Na última sexta-feira (12), o Tribunal de Justiça do Amazonas (TJAM) decidiu revogar o habeas corpus preventivo que havia sido concedido à médica Juliana Brasil Santos. Essa decisão ocorreu apenas quatro dias após a Justiça ter negado o mesmo pedido à técnica de enfermagem Raiza Bentes Paiva.
No dia 22 de novembro, Benício foi admitido no Hospital Santa Júlia, em Manaus, apresentando sintomas de tosse seca e suspeita de laringite. Entre os tratamentos prescritos pela médica estavam três doses de adrenalina intravenosa de 3 ml cada. Após a administração da primeira dose, o menino enfrentou complicações, como baixa oxigenação, intubação, sangramento, vômito e seis paradas cardíacas, com a confirmação da morte ocorrendo no domingo, 23 de novembro.
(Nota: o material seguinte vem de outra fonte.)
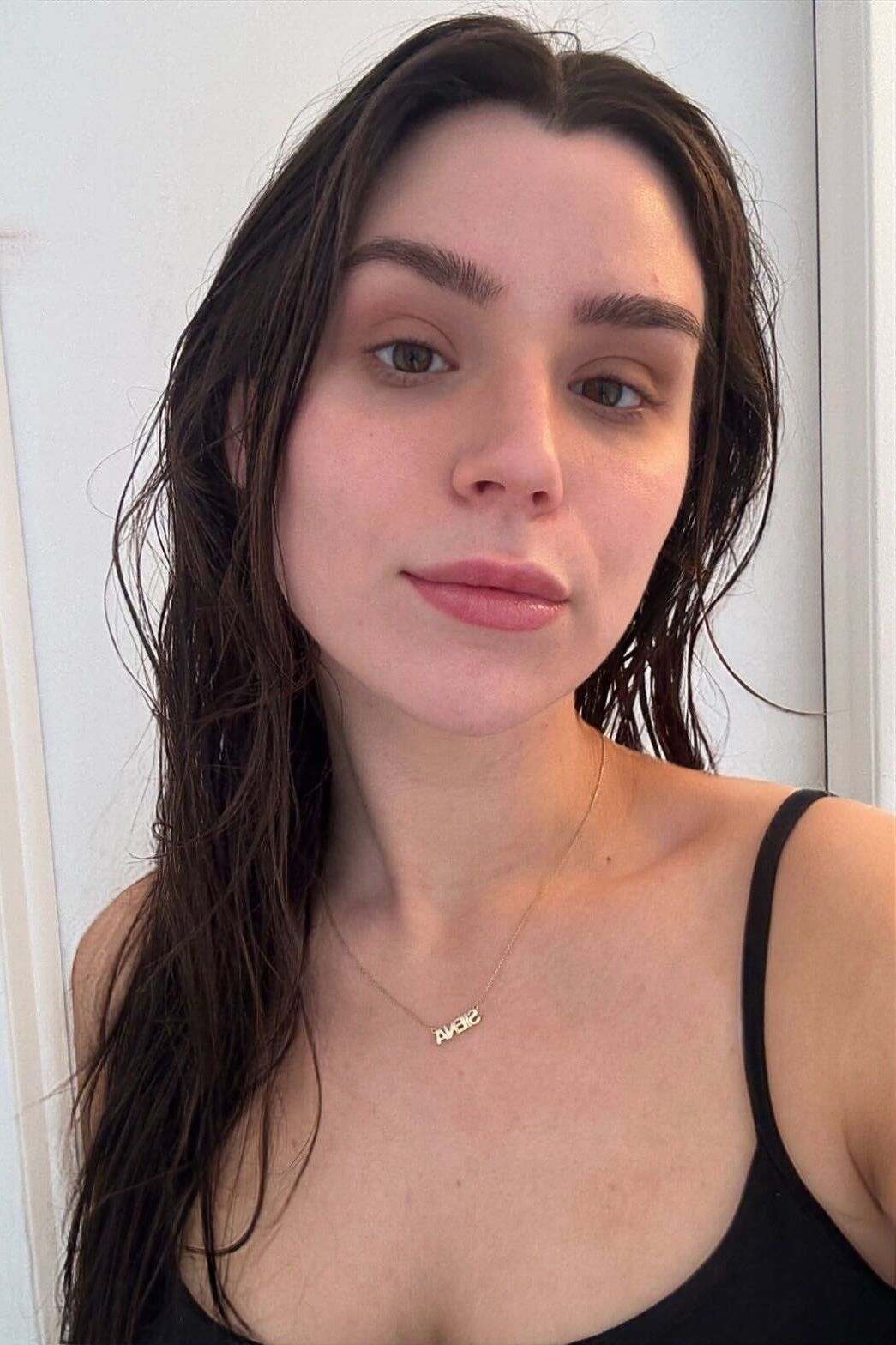 A girl with long brown wet hair, a black tank top, and dark brown eyes.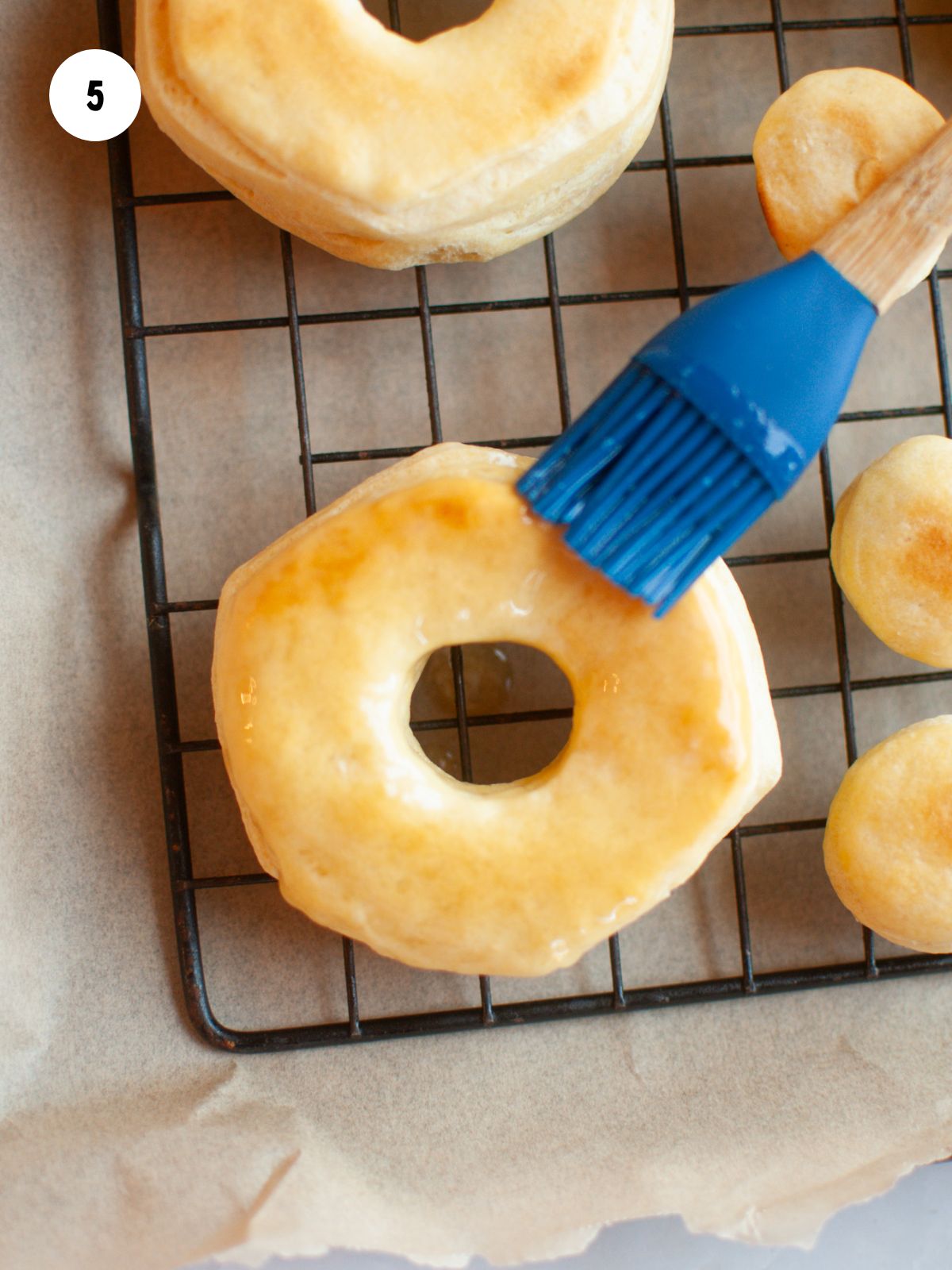 melted butter brushed on air fried donuts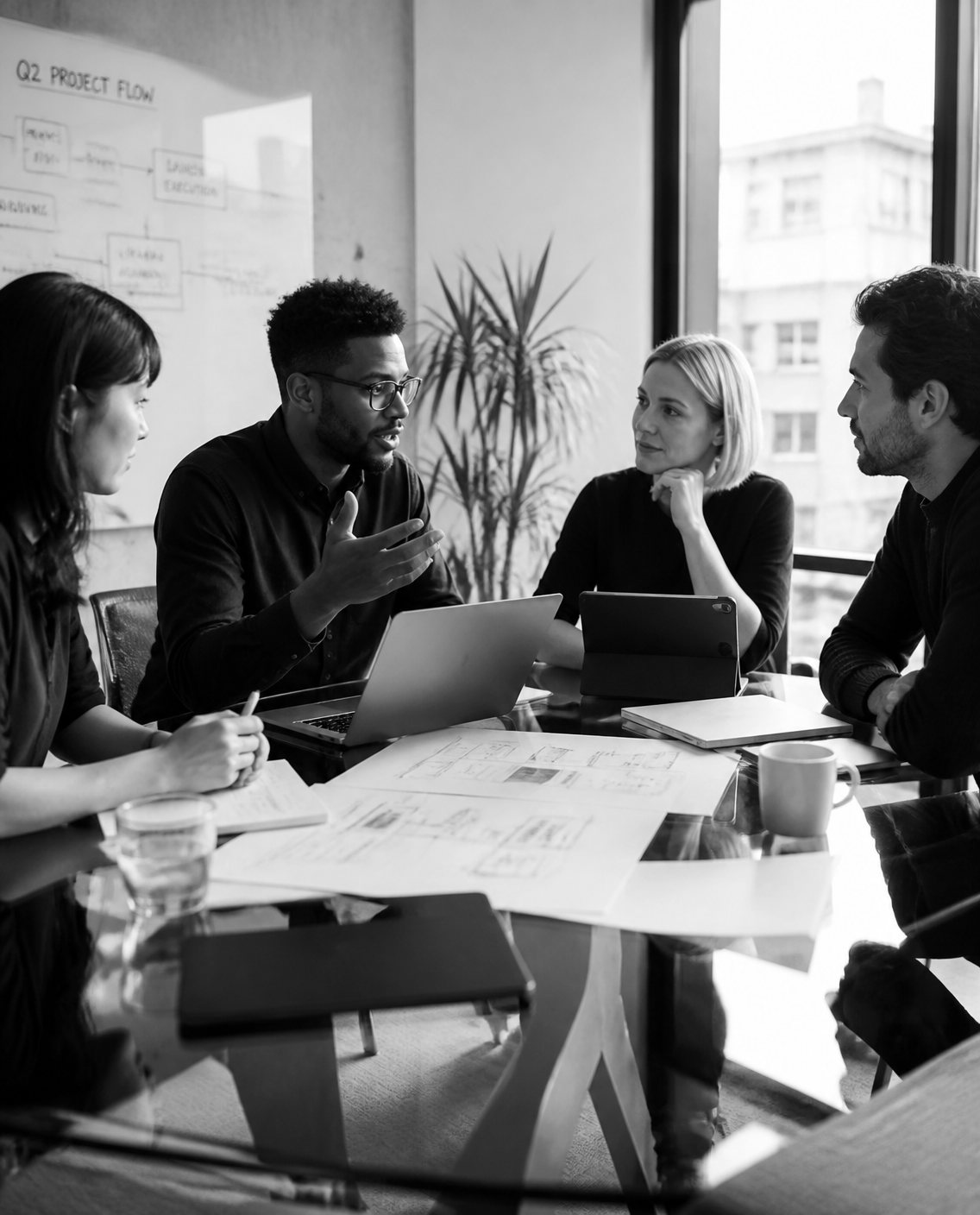 Business team discussing a project flow around a meeting table
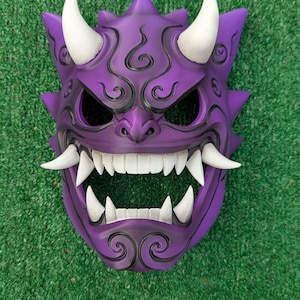 May include: A purple Oni mask with white horns and fangs. The mask features intricate swirling details and sharp, angular features. The mask is designed with a fierce expression, perfect for cosplay or display.
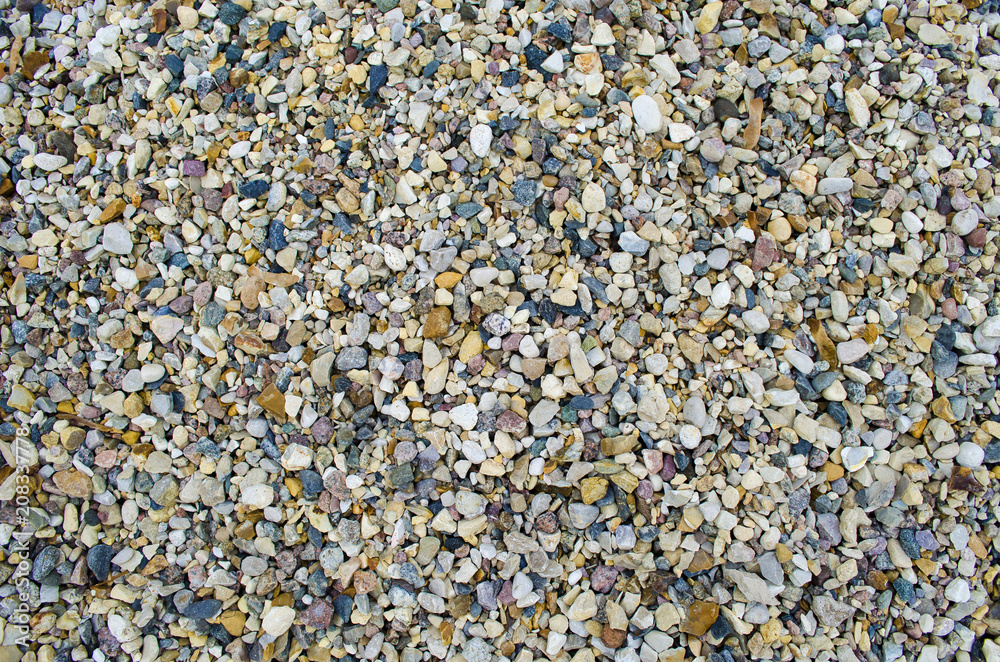 Small stones and pebbles on the ground. Texture background Small stones and pebbles on the ground. Texture background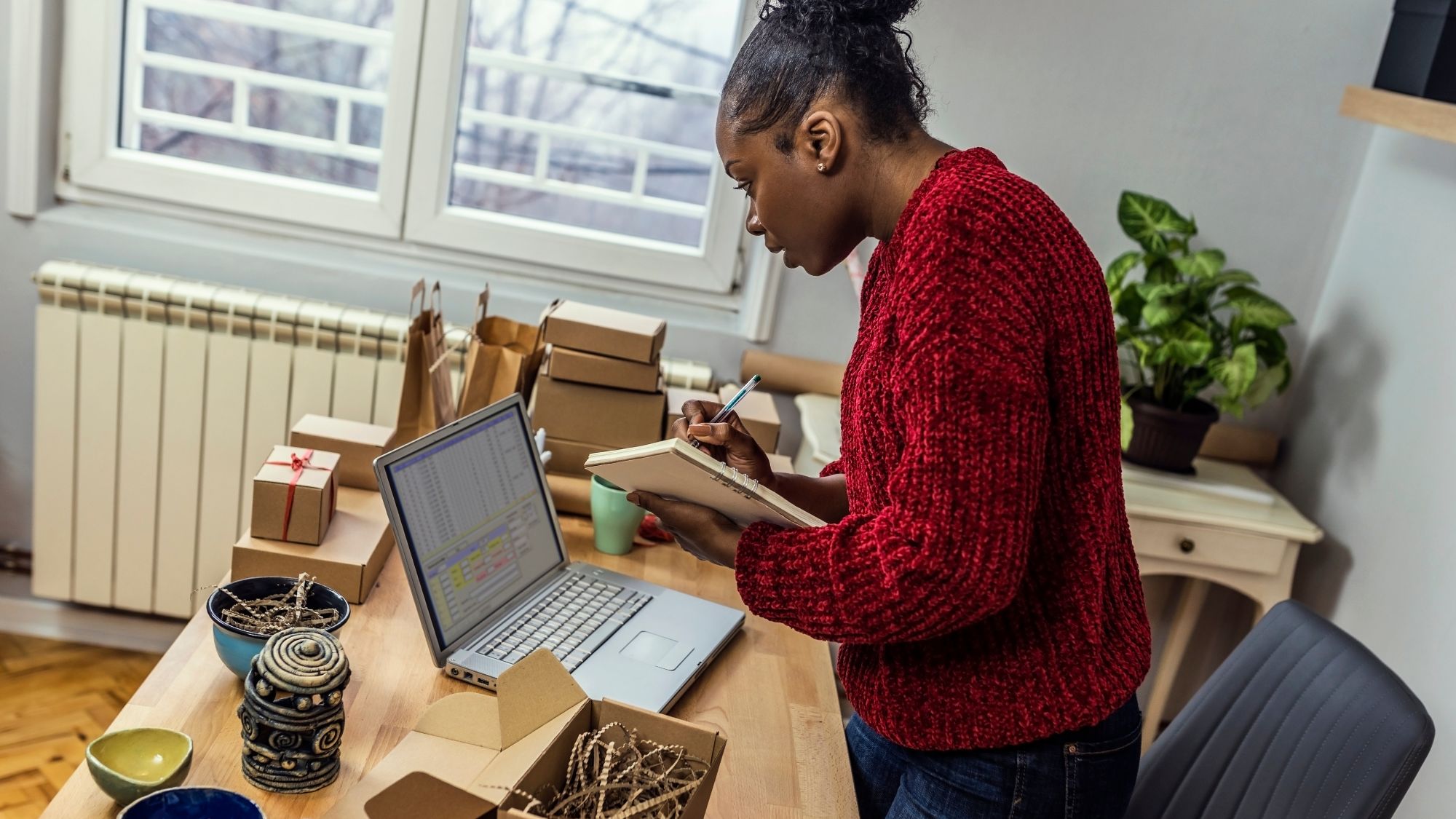 Woman Checking Her Checklist on a Laptop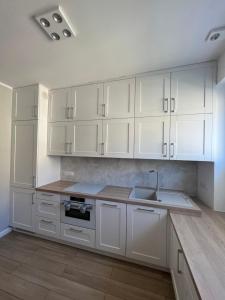 a kitchen with white cabinets and a sink at Gdynia Centrum ul. Pomorska in Gdynia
Antes da aplicação do medicamento, a família questionou a indicação da adrenalina intravenosa, uma vez que a criança costumava receber o remédio apenas por nebulização. Contudo, a técnica Raiza Bentes Paiva defendeu que o tratamento prescrito pela médica deveria ser seguido.
As investigações fazem parte da segunda fase da operação Unha e Carne. Além disso, a defesa de Juliana Brasil argumenta que ela possui experiência prática na área e que planejava realizar a prova de título ainda neste ano. A desembargadora Carla Maria Santos dos Reis considerou que a Câmara Criminal não era competente para julgar o pedido apresentado.